I don't know, Laura; what IS "bitter, jaded, untruthful, and has a mass equal to two blue whales?"

Submariner said...

I laughed. I cried. I amused myself in the hair of the lady in front of me...

Submariner said...

You're not trying to HIDE that platter of Ding Dong's, are you?

Submariner said...

Cap This! standard # 7:

Where will YOU be when your laxative kicks in?

Subby's add on:

And will you even care?

Submariner said...

Michael, you KNOW that "SAG" awards have nothing to do with an excess of flesh, right?

Submariner said...

I just walked in on Hillary at the urinal! Even I need eye bleach after that!!!

Submariner said...

Wa-a-a-a-a-a-a-a-a-a-a-a-ah!
George Bush will be out of office soon and I won't have anything left to hate and make fun of.
oh wait! There's still America...

Submariner said...

But John Edwards is GOOD!

Submariner said...

Evidently, Willie finally got free. I'm just sayin'...

Submariner said...

Wa-a-a-a-a-a-a-a-a-a-a-a-ah!
I can't find the Hostess booth...

Submariner said...

Wa-a-a-a-a-a-a-a-a-a-a-a-ah!
Those nasty people at Cap This! made fun of my art and beliefs...

Anonymous said...

Where will YOU be when your laxative kicks in?
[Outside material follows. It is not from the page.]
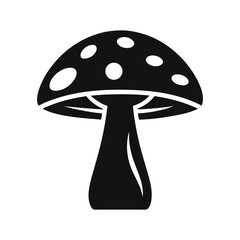 Mushroom vector icon. Simple amanita or toadstool silhouette. Fungi symbol for forest, fantasy, or food design.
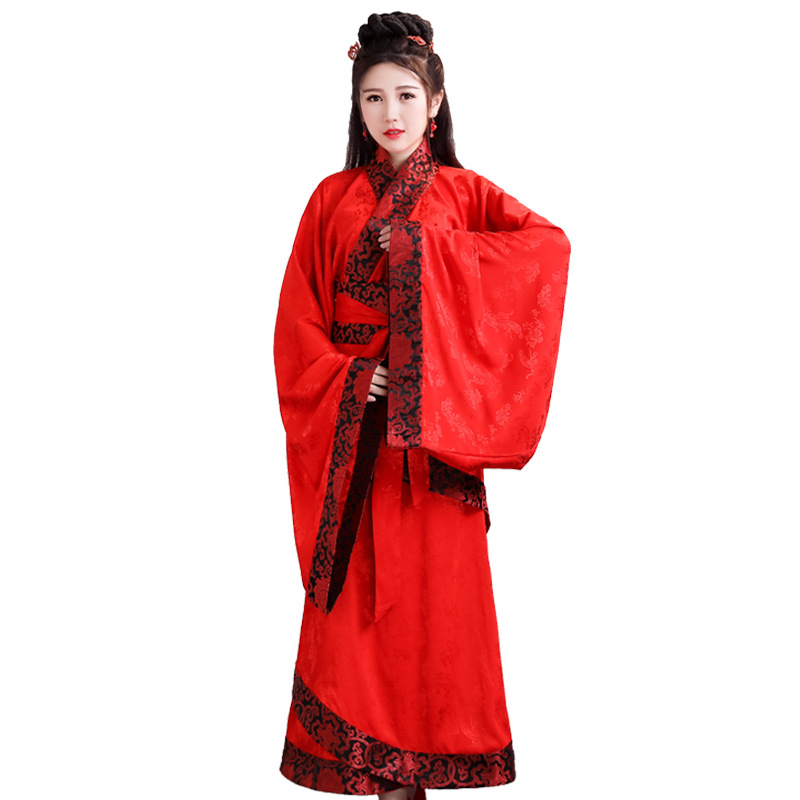 Hanfu plesna haljina s širokim rukavima i zakrivljenim rubom, poliester tkanina, jacquard uzorak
When they do, there will be nothing left except the empty hide, think MIB II pizzaria owner.

Van Helsing said...

"Ha! Smelliest one I ever let! That'll teach them for not giving me an Oscar!"

Submariner said...

oooooooooooooo - WET one...

ShoeChick said...

Silent but deadly my ass. This one will break the sound barrier.

Steve O said...

Brain donor.

Submariner said...

You got your chocolate in my mashed potatoes and gravy with butter, sour cream, shredded cheddar, chives, bacon slabs, shredded mozzarella, mushrooms, extra shredded cheddar...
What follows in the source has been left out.